The Exigent Duality
Woke Buildings - 09:07 CST, 6/21/20 (Sniper)
As it turns out, there are many parallels between modern-day architecture and video game design:

  • The "elites" in both have a pronounced contempt for their audience; read the article, then recall "Gears Tactics" calling its predominantly white male players "fucking Fascists".

  • The "elites" in both can't just make art: rather, their constructions need to attempt social engineering. See first quote below.

  • Like modern video games, architecture's sensibilities are informed by radicals from decades past, such as Herbert Marcuse in the former, and Le Corbusier in the latter.

  • In both instances, group think means that no deviation from the narrative is allowed. See second quote below.
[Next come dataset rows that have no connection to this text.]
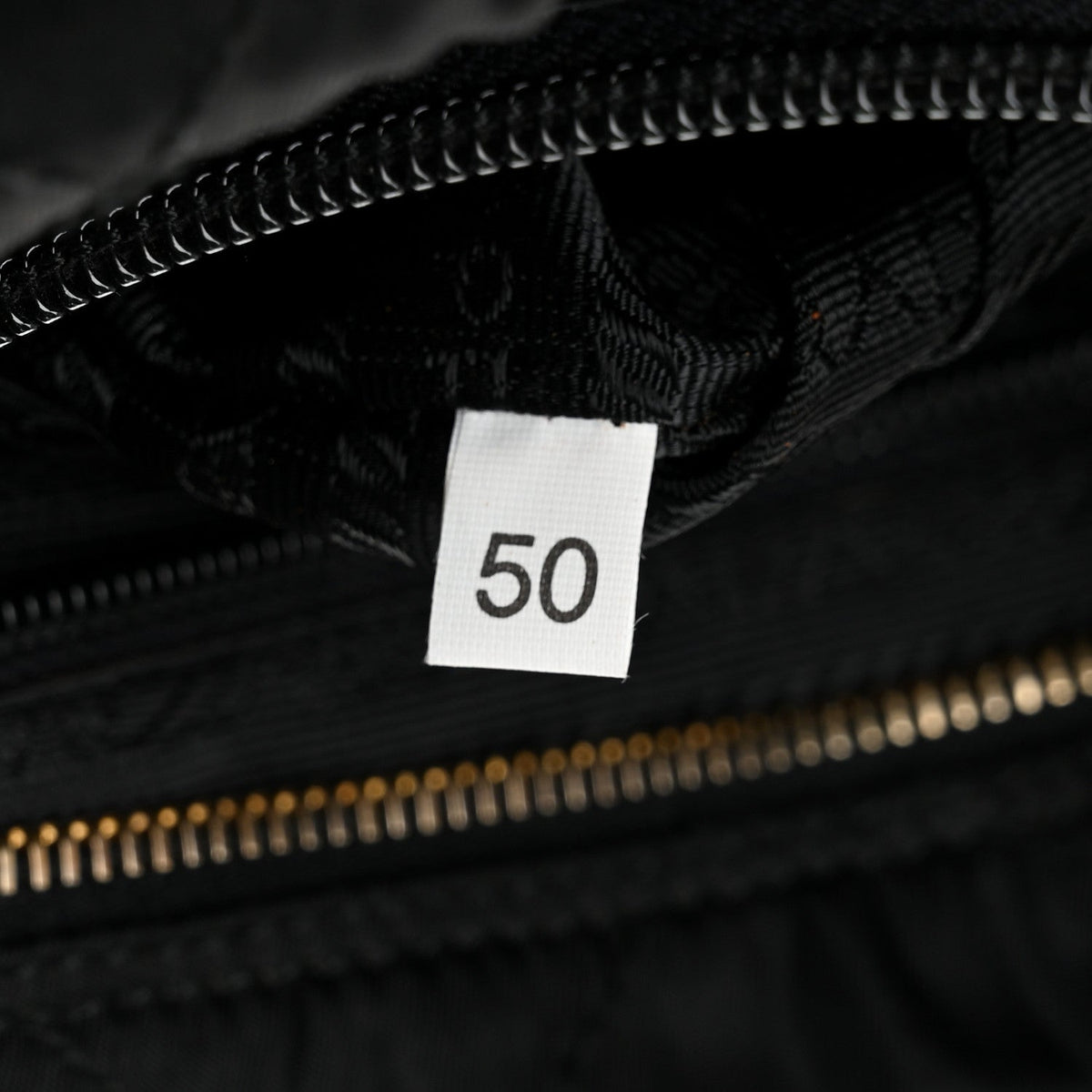 Quilted Nylon Tote Bag - Black
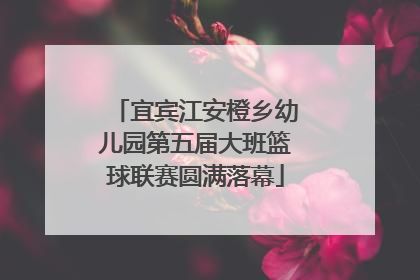 宜宾江安橙乡幼儿园第五届大班篮球联赛圆满落幕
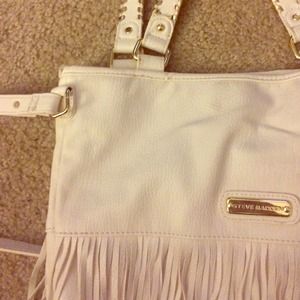 Steve Madden tassel white bag.
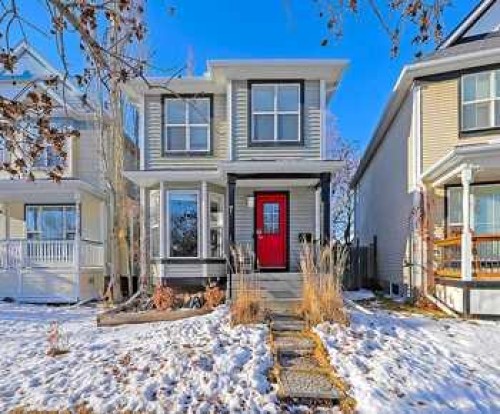 7 Prestwick Crescent Se, Calgary, AB - Outdoor With Deck Patio Veranda With Facade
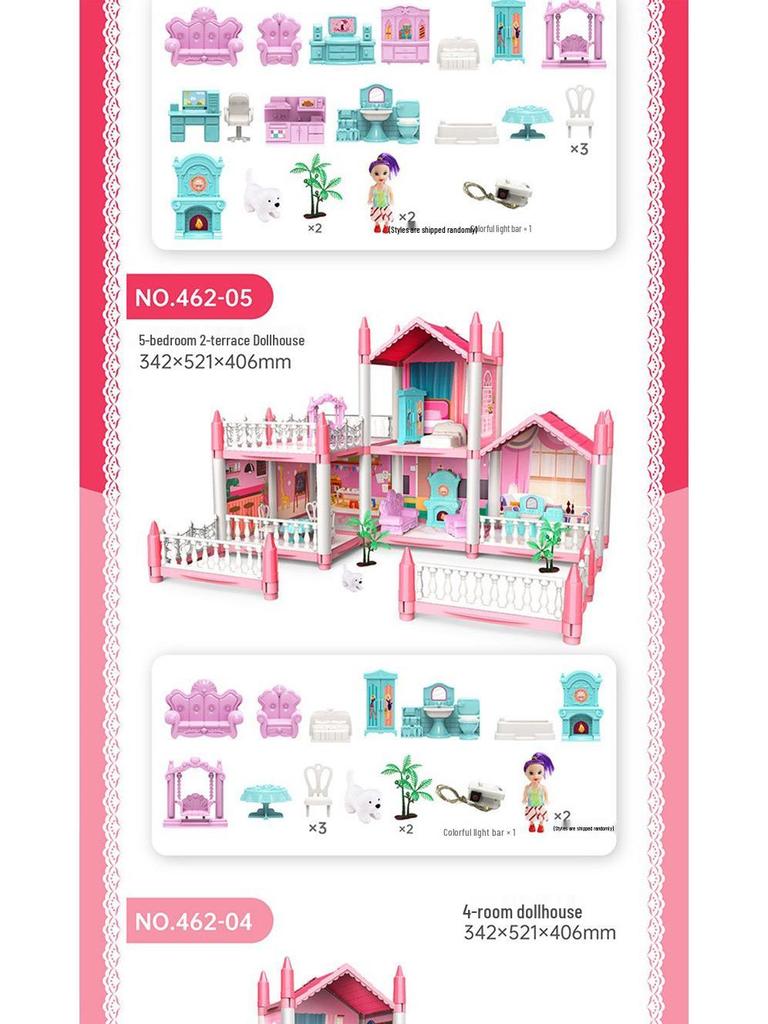 Игровой набор Кукольный домик Замок принцессы: Пазл Вилла для девочек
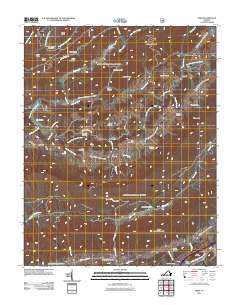 Nebo 2011 topographic map thumbnail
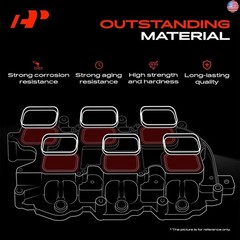 A-Premium Lower and Upper Engine Intake Manifold Gasket Set Compatible with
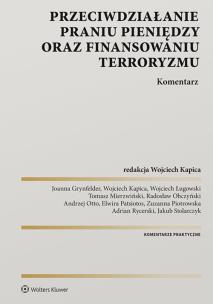 Okładka książki Przeciwdziałanie praniu pieniędzy oraz finansowaniu terroryzmu Komentarz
From the article, bold emphasis is mine:

"The other cancer is the idea that building design has sociological, psychological, and macro-economic dimensions that the architect-- simply by virtue of being an architect-- is competent to judge. What really matters to your average architecture student is drawing-- which is fine, and just as it should be, until the vain idea emerges that their drawings represent some kind of implicit vision for mankind. At my school, any student's design presentation had to include a verbal rationale-- often post hoc and invariably half- baked-- of how the form, massing, and materials of the design are expressive of such imponderables as the supposed psychological 'needs' and 'aspirations' of the users and the wider 'community' that the building is to serve. The students were simply reciting the bogus language of their tutors-- in which buildings might be said to be 'fun,' 'thought provoking,' 'democratic,' 'inclusive' and other such nonsense."


And:

"I had first-hand experience of this dynamic in architectural education in the 1980s. In my school, the status of 'Corb' (as we were encouraged to affectionately call him) as a hero was a given, and dissenting from this position was risky. Such is the power of group-think which universities are, sadly, no less prone to than anywhere else. To be fair, nobody was still plugging the megalomaniac aspect of their hero; his knock-down-the-center-of-Paris side. All those undeniably God-awful tower blocks for 'rationally' housing 'the people' that sprang up all over Europe in his name? Well, we were assured, they could not be blamed on Corb; it was just that his more pedestrian architectural acolytes hadn't properly understood what he had meant. In addition to the persistence of Corb-hero worship itself, two cancerous aspects of its radical mindset have survived intact in our schools of architecture."


On a non game-related note, it's like the "that's not real Marxism" crowd-- it just wasn't done right!